Il dono del tempo è prezioso. Dobbiamo utilizzarlo in modo consapevole e riconoscente; ci offre la possibilità di diventare simili a Cristo e di raggiungere in lui la pienezza della vita. “Questo è dunque il beneficio che già nella vita presente ci offre il cristianesimo; non soltanto il rinnovamento della nostra natura morale ricondotta a quella originaria di Adamo, ma l’unione di tutte le sue facoltà per formare l’uomo perfetto ‘all’altezza di statura della pienezza di Cristo’ (Ef 4,13)”[5]. Negli anni che ci sono dati, siamo chiamati a lasciarci rinnovare dalla grazia di Cristo, accogliendola generosamente con la fede e con la conversione; “qui sulla terra vivere è mutarsi e la perfezione è il risultato di molte trasformazioni” (Dev, 40).

La vita nella verità di Cristo è una vita santa, conferendo ai credenti e alla Chiesa un cospetto bello, invitante ed attirante. Una tale vita non consiste in cose straordinarie, ma nel compimento fedele dei doveri quotidiani. Con grande semplicità Newman scrive come anziano: “Se voi mi domandate che cosa dovete fare per essere perfetti, io vi risponderò: Non rimanete in letto, dopo suonata l’ora fissata per la levata; rivolgete i vostri primi pensieri a Dio; fate una breve visita a Gesù in sacramento; recitate devotamente l’Angelus; mangiate e bevete per la gloria di Dio; recitate bene la vostra corona; siate raccolti; cacciate i cattivi pensieri; fate con devozione la vostra meditazione della sera; esaminate ogni giorno la vostra coscienza; giunta l’ora coricatevi, e sarete già perfetti”[6]

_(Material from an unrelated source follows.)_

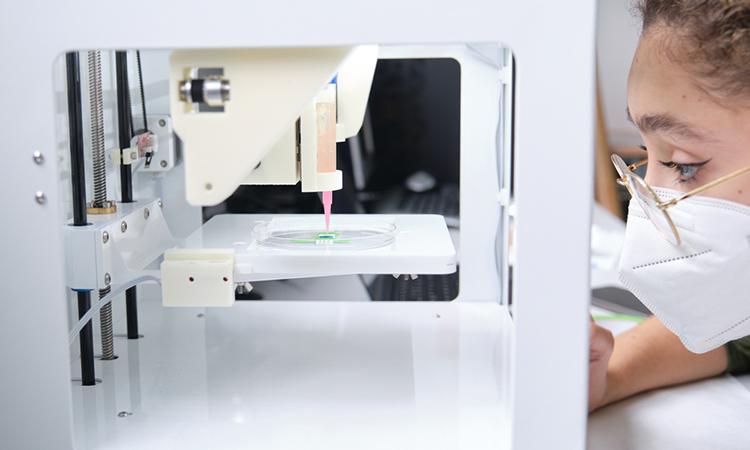 Researcher adjusting a 3D bioprinter to 3D print cells onto an electrode. Biomaterials, tissue engineering concepts.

[1] J. H. Newman, Parochial and Plain Sermons (PS), Vols. I-VIII. Westminster, Md: Christian Classics, 1966-1968.

[2] J. H. Newman, Lectures on Justification. Westminster, Md.: Christian Classics, 1966, 193-194.

[3] J. H. Newman, Sermons Preached on Various Occasions. Westminster, Md.; Christian Classics, 1968.

[4] J. H. Newman, An Essay on the Development of Christian Doctrine (Dev). Westminster, Md.: Christian Classics, 1968.

[5] J. H. Newman, Fifteen Sermons Preached Before the University of Oxford Between A.D. 1826 and 1843. London: Rivingtons, 1890, p. 48.

[6] Meditations and Devotions of the Late Cardinal Newman. Westminster, Md.: Christian Classics, 1975, p.286.